Lewis Squally, Sr., an enrolled member of the Nisqually Indian Tribe, was charged in Thurston County Superior Court with one count of first degree burglary. At trial, he was convicted of the lesser offense of second degree burglary. Squally appealed the conviction to Division Two of the Court of Appeals contending, as he did at the trial court, that the superior court lacked jurisdiction to hear the charge against him because the tribe had not explicitly consented to the State's assumption of criminal jurisdiction over the reservation land on which the burglary was committed. At about the same time, Squally was charged in Thurston County District Court with the offense of violating a no contact order. Following the district court's denial of Squally's motion to dismiss for lack of subject matter jurisdiction, Squally filed a petition for writ of certiorari in Thurston County Superior Court. Following the superior court's denial of his petition, Squally sought discretionary review of the superior court's order in the Court of Appeals. The Court of Appeals granted review consolidating it with Squally's appeal from his burglary conviction.

B. State v. Kalama

John Kalama, also an enrolled member of the Nisqually Indian Tribe, was charged in Thurston County District Court with the offenses of carrying a concealed pistol without a permit (RCW 9.41.050) and obstructing a law enforcement officer (RCW 9A.76.020). Kalama moved to dismiss these charges, contending that the district court lacked jurisdiction on the same basis asserted by Squally--namely that the tribe had not explicitly consented to the State's assumption of criminal jurisdiction over the land on which the charged offenses allegedly took place. His motion was denied. Kalama then petitioned the Thurston County Superior Court for a writ of certiorari. The superior court denied the petition, concluding that the district court had jurisdiction to hear the charges against him. Kalama then sought discretionary review by Division Two of the Court of Appeals of the superior court's order. The Court of Appeals accepted review of Kalama's case and consolidated it with Squally's appeal and review.


The Court of Appeals reversed Squally's burglary conviction and remanded for entry of an order dismissing that charge as well as the district court charges against Squally and Kalama. In doing so, it concluded that "[t]he Thurston County courts lacked jurisdiction over these prosecutions." State v. Squally, 81 Wash.App. 685, 696, 915 P.2d 1151, review granted, 130 Wash.2d 1007, 928 P.2d 413 (1996). The State then sought and obtained review by this court of the decision of the Court of Appeals.


As we have noted above, the issue before us is whether the Thurston County Superior and District Courts possessed jurisdiction over these cases in which it was alleged that Squally and Kalama, members of the Nisqually Tribe, each committed offenses on reservation land.

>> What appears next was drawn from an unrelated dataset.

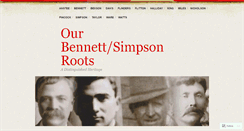 Desktop Screenshot of bennettsimpson.wordpress.com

In deciding the issue before us, it is necessary to understand some of the history of the Nisqually Indian Tribe as well as the relationship that has developed over the last century and a half between the United States, the State of Washington, and the Nisqually Tribe. The Nisqually Tribe received recognition from the United States government as early as 1854, 1 however, its reservation was not formally recognized until 1857 when the president of the United States entered an executive order formerly establishing the Nisqually Indian Reservation. For most of the next 100 years, jurisdiction over criminal offenses committed by Native Americans on reservation and other Native American lands, including the Nisqually Reservation, resided with the United States Government or the tribe. Washington v. Confederated Bands & Tribes of the Yakima Indian Nation, 439 U.S. 463, 470, 489 n. 33, 498-99, 99 S.Ct. 740, 756 n. 33, 760-61, 58 L.Ed.2d 740, reh'g denied, 440 U.S. 940, 99 S.Ct. 1290, 59 L.Ed.2d 500 (1979).

In 1953, Congress took a significant step toward giving the States of the Union the right to assume jurisdiction over Indian land when it enacted Public Law 280 (codified, as amended, as 18 U.S.C. § 1162). This act gave "[t]he consent of the United States" to Washington and other states "to assume jurisdiction [criminal and civil] at such time and in such manner as the people of the State shall, by affirmative legislative action, obligate and bind the State to assumption thereof." Pub.L. No. 280, ch. 505, § 7, 67 Stat. 588, 590 (1953). 2

In response to the federal act, the Washington Legislature enacted a statute which authorized the State of Washington to assume civil and criminal jurisdiction over "Indians and Indian territory, reservation, country, and lands within this state in accordance with the consent of the United States given by the act of August 15, 1953 (Public Law 280[) ]." Laws of 1957, ch. 240, § 1 (later codified as RCW 37.12.021). 3 According to this statute, the State's assumption of jurisdiction was to be effective 60 days after the governor issued a proclamation that jurisdiction had been assumed. In that regard, the statute provided that "the State of Washington shall assume jurisdiction over offenses committed by or against Indians in the lands prescribed in the proclamation to the same extent that this state has jurisdiction over offenses committed elsewhere within this state." Laws of 1957, ch. 240, § 3 (emphasis added).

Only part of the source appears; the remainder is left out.